Based on the gravity of the moon (~1.6 m/s^2) and the height of the canon (~5 m)...

[lilpeach]

Ok, so apparently I'm on the moon and I take six pictures of some canon shooting through the sky:

Frame 1
Altitude: 5.0
X-Position: 0.0
Y-Position: 0.0

Frame 2
A: 204.2
X: 60.3645
Y: 100.655

Frame 3
A:401.8
X:120.729
Y:201.31

Frame 4
A: 597.8
X: 181.0935
Y: 301.965

Frame 5
A: 792.2
X: 241.458
Y: 402.62

Frame 6
A: 985.0
X: 301.8225
Y: 503.275

a) Based on the gravity of the moon (~1.6 m/s^2) and the height of the canon (~5 m), you know that t seconds after being fired, the projectile should be at an altitude of approximately A(t) = -0.8t^2 + vt + 5 meters. Find v. (A(1)=204.2)

b) You know from common sense that the projectile's horizontal position, (x,y), should follow a line (i.e. the projectile's "shadow" will, of course, move in a straight line). Find the linear equation describing the horizontal motion of the projectile, x(t)=at+b and y(t) = ct+d.

c) How many seconds after being fired will the projectile land?

d) Where will the projectile land?

DUE TMRW NEED HELP pls

 

[stapel]

Ok, so apparently I'm on the moon and I take six pictures of some canon shooting through the sky:

Is it maybe a "cannon" (a machine which launches a projectile) rather than a "Canon" (a brand of camera)? Is it maybe the object shot off by the cannon which is "shooting through the sky"?

Frame 1
Altitude: 5.0
X-Position: 0.0
Y-Position: 0.0

Frame 2
A: 204.2
X: 60.3645
Y: 100.655

Frame 3
A:401.8
X:120.729
Y:201.31

Frame 4
A: 597.8
X: 181.0935
Y: 301.965

Frame 5
A: 792.2
X: 241.458
Y: 402.62

Frame 6
A: 985.0
X: 301.8225
Y: 503.275

What is the speed of the camera (Canon) taking pictures of the object launched (by the cannon)? What is the frame-rate? This information is necessary in order to determine "time" from "frame".

a) Based on the gravity of the moon (~1.6 m/s^2) and the height of the canon (~5 m), you know that t seconds after being fired, the projectile should be at an altitude of approximately A(t) = -0.8t^2 + vt + 5 meters. Find v. (A(1)=204.2)

From "A(1) = 204.2", I will guess that the camera is taking pictures at the extremely slow rate of one per second, so "Frame n+1" corresponds to "time t = n seconds".

Since you've been given this information, you can plug the given values into the given formula, and solve for the specified variable. Where are you stuck in this process?

b) You know from common sense that the projectile's horizontal position, (x,y), should follow a line (i.e. the projectile's "shadow" will, of course, move in a straight line). Find the linear equation describing the horizontal motion of the projectile, x(t)=at+b and y(t) = ct+d.

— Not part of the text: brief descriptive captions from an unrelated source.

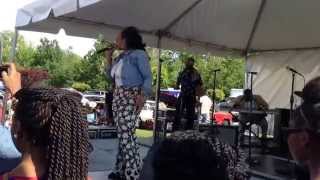 Kierra Sheard Singing her New Single 2nd Win at The First Cathedral Church&#39;s 46th Church Anniversary
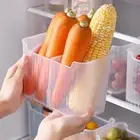 Transparent Fridge Organizer Rack Thicken Fridge Storage Bin Kitchen Organizer
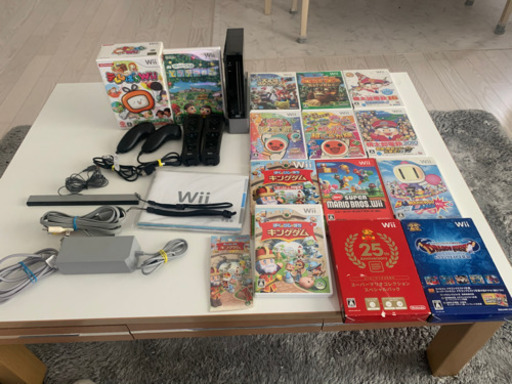 取引完了！Nintendo Wii  ソフト13セット付き！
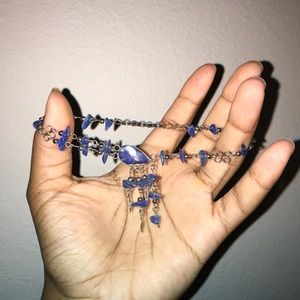 Blue Stone Anklet NEVER WORN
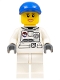 Minifig No: cty0225  Name: Spacesuit, White Legs, Blue Short Bill Cap, Eyelashes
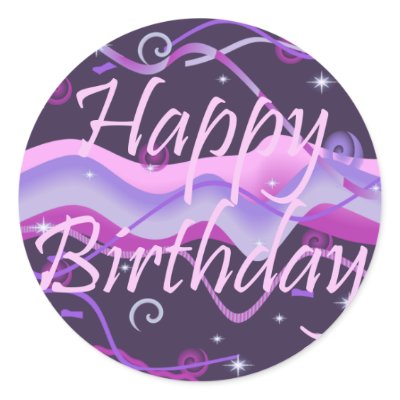 Girl's Happy Birthday Sticker by OLPamPam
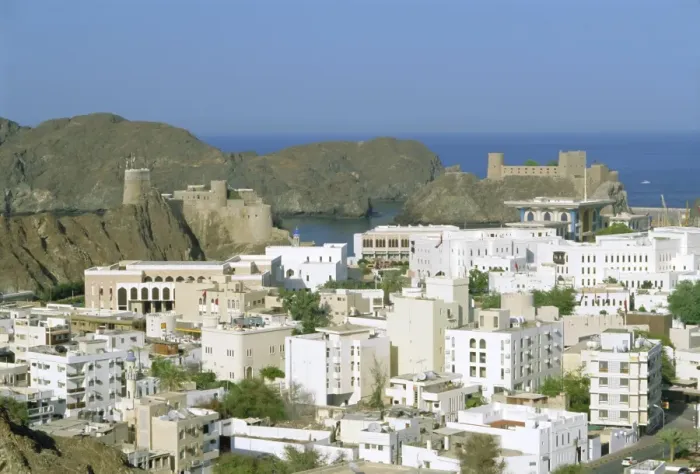 Framed Print : The old quarter and Fort Jalali Framed Print : The old quarter and Fort Jalali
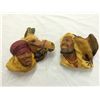 Image 1 : 2 Bossom Chalkware Wall Figures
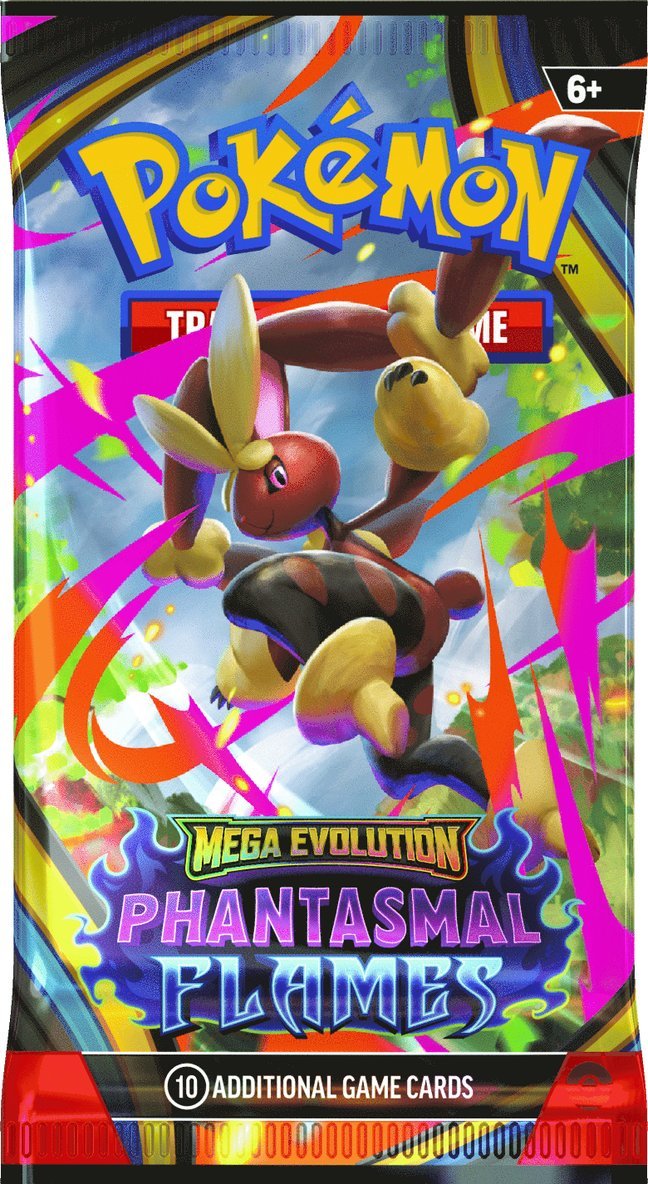 Pokémon Phantasmal Flames Booster Pack, Övrigt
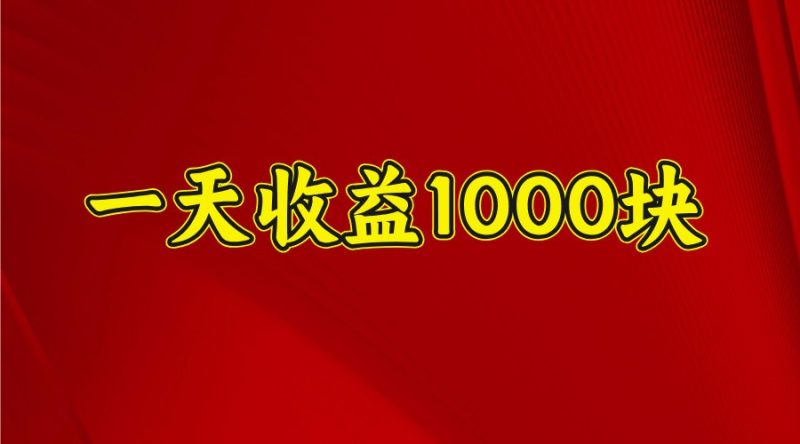 一天收益1000块,2025全网首发-老吴出海笔记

Are you expected to relate the x and y from this part of the exercise to the (t, (A(t)) in the previous part? If so, what methods have they given you for this? How far have you gotten in applying that information?

c) How many seconds after being fired will the projectile land?

Hint: What is the height, above ground level, when the things hits the ground?

d) Where will the projectile land?

At the time found in part (c), what is the horizontal displacement?

When you reply, please include a clear listing of your thoughts and efforts so far. Thank you!